Slouching Towards Wall Street… Notes for the Week Ending Friday, 8 June 2012
Larry And The Amazing Technicolor Dream Economy
Currency debauchery threatens to spread from nation to nation like a fire rushing through a row of connected houses. A secret society of unelected technocrats, all fluent in a jargon understood neither by the politicians who follow their lead, nor by the mass of citizens who pay the price — are looking at ways to beggar their neighbors. Germany has been holding the line against a full fiscal union across the eurozone. Sharing a currency is not the same as sharing fiscal responsibility, and the Germans seem determined to protect their robust economic position as long as possible.
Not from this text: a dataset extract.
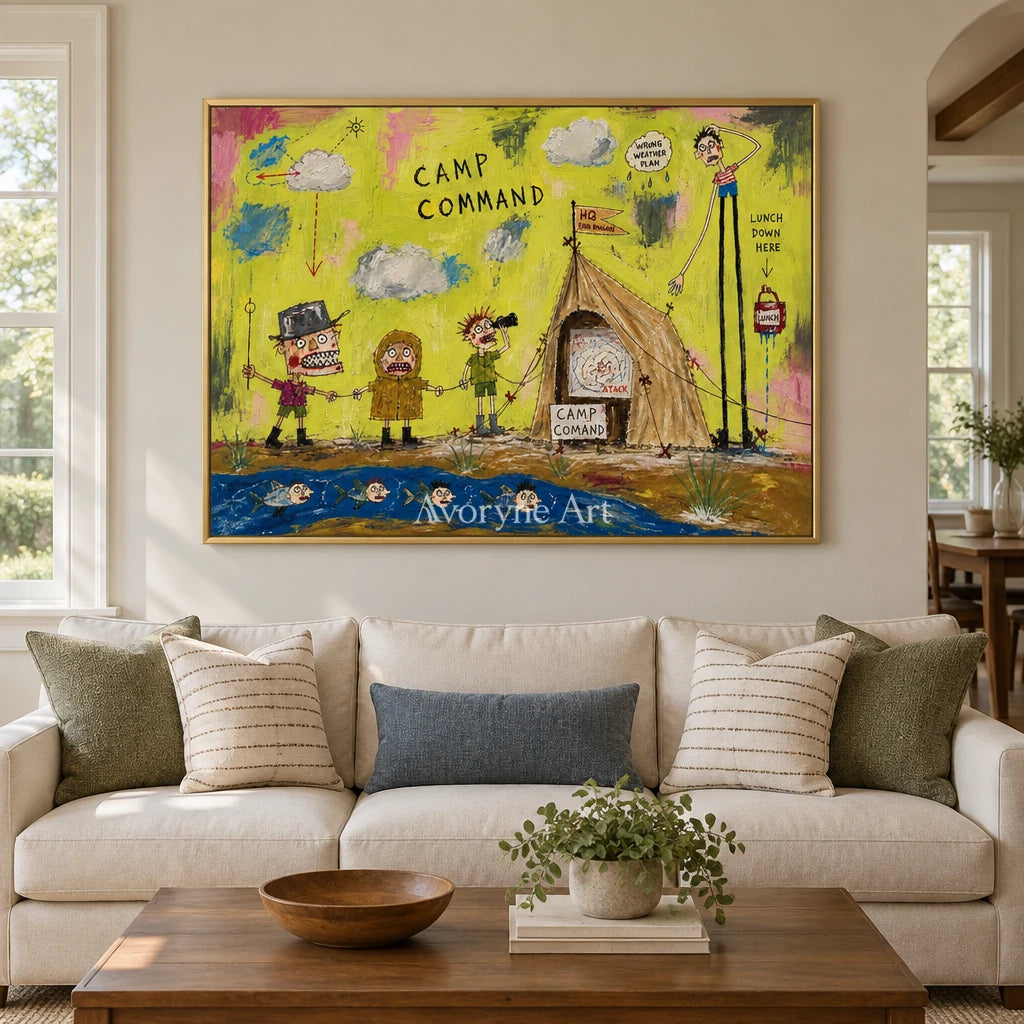 Clear Rhythm everyday character wall art with a gold frame hanging in a living room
The downside of true cross-national fiscal union is, there is no one left to beggar.
Not so, apparently, the homeland of global financial ruin — that would be the United States. We are so in love with ourselves that our entire culture has become an unending act of onanistic ego stroking. We watch ourselves constantly (reality TV), we listen to ourselves, and like infants bringing their pooh to their cooing parents, we present every slightest thing that comes to mind as our own personal contribution to the cosmos (Facebook, LinkedIn, Twitter). We even revel in being desperate losers (Pawn Stars).
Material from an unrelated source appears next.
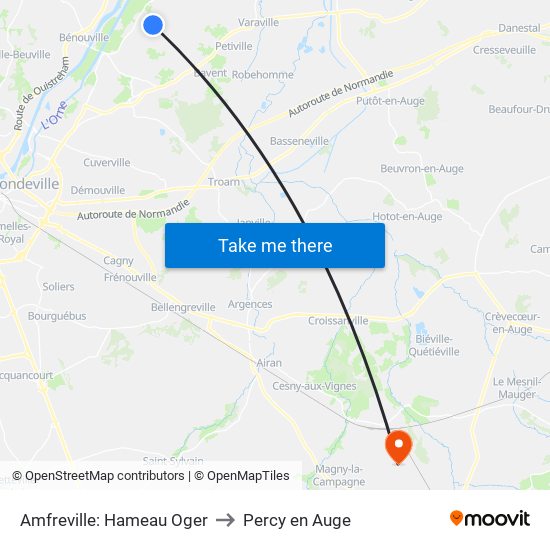 Amfreville: Hameau Oger to Percy en Auge map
What we Americans do not revel in, it seems, is self respect and demanding accountability from government or from the marketplace. Rather than encourage We the People to engage in a fundamental debate about where America should be going, the dominant political parties and the frenzied shrieking media have manufactured a multi-year election cycle — a media fest where no issues are ever debated to the core, and that has all the reality of the “feelies” from Brave New World. Meanwhile the Best and Brightest continue to look for ways to shred the last tatters of our economic and social fabric.
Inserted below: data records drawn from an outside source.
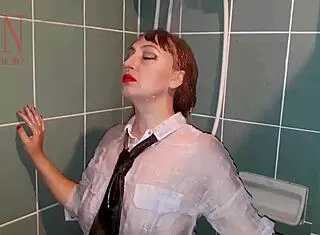 I Caught My Housewife In The Shower With Wet Panties And Shirt Revealing Her Nude Body.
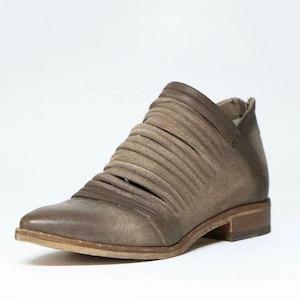 Free People Brown Leather Ankle Boots Size 39 image 1
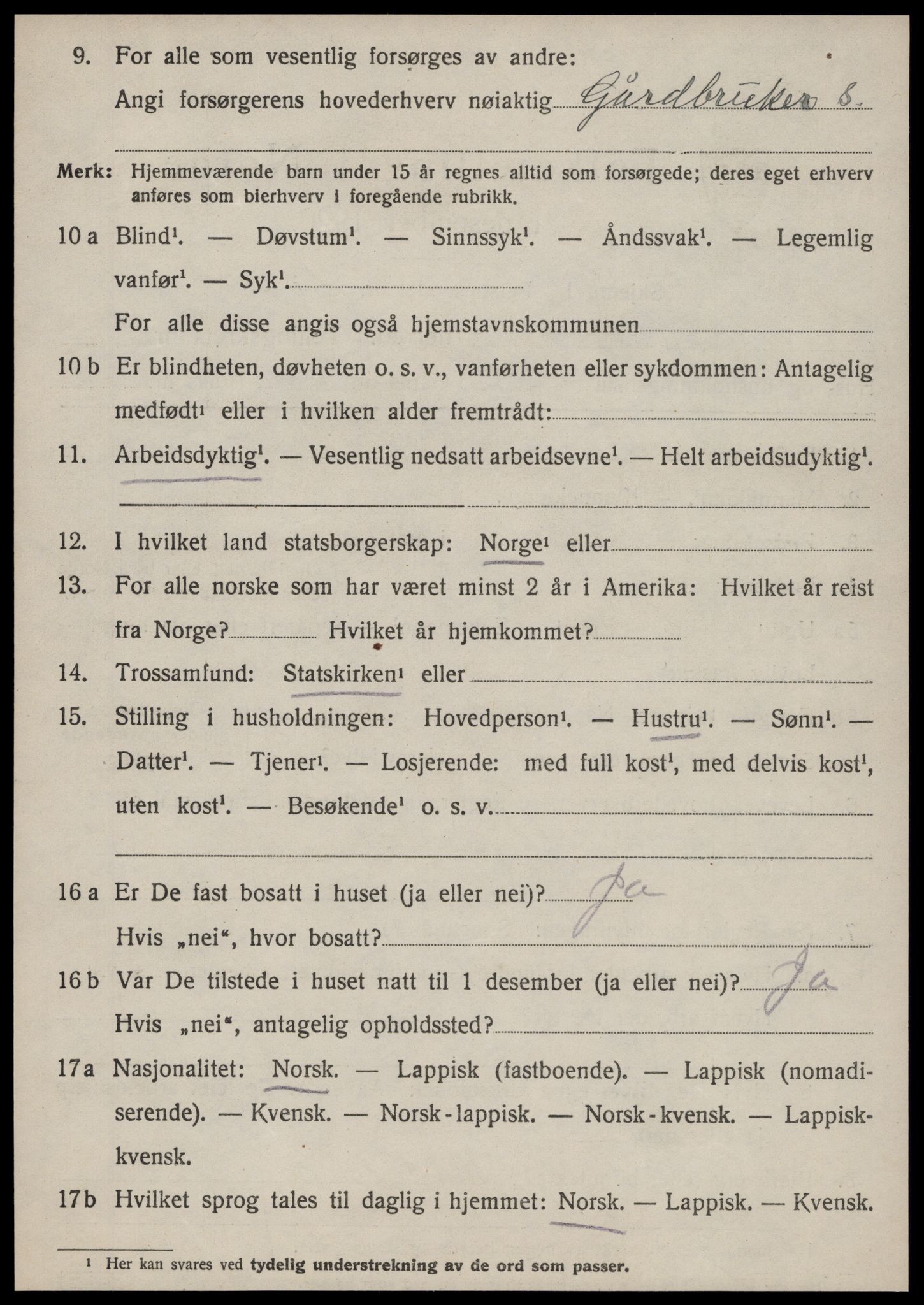 SAT, 1920 census for Hemne, 1920, p. 7549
One of the Brightest of all is Lawrence Summers — former president of Harvard, former Treasury secretary, former member of the Committee to Save the World and, according to those who have worked around him, a good guy to have at your side in a fight. Summers has a reputation of not being afraid to wade in when things get nasty, or to make sure they get nasty — famously by speculating that “issues of intrinsic aptitude, and particularly of the variability of aptitude” may be the cause for the underrepresentation of women at senior levels in scientific and engineering-related positions in industry and the academy. But brashness also helps people advance. If nothing else, Summers has bounce-back-ability. The same foot he places in his own mouth is also the best one forward towards his next venture.
Summers shares this quality with the Biblical character of Joseph, whose career is inauspiciously launched when he blabs his dreams to his family — dreams which foretell his brothers (all older than him) and parents bowing down before him — after which the brothers toss him down a well, from which he is drawn up and sold into slavery in Egypt. Joseph, like Summers, is a capable administrator, possessed of a keenly analytical mind. As a slave in Egypt, he runs his master’s household, where — Summers-like — he gets himself in trouble by boasting that his master’s wife is the only thing his master prohibits him to have. When she tests this, he ends up in jail.
In short order Joseph becomes head of the prison, chief assistant to the warden, and the man charged with spying on the other prisoners. But just when it looks like he might get out, Joseph relies on other prisoners to bring his case to Pharaoh. He languishes in prison until Pharaoh, in desperation and exasperated at the incompetence of his advisers, says “bring me someone smart!” Pharaoh, the canny politician, senses in Joseph a kindred soul — a man willing to use his wisdom to benefit his benefactor. To do well by doing good — for the right person. Thus is Joseph elevated to the position of viceroy.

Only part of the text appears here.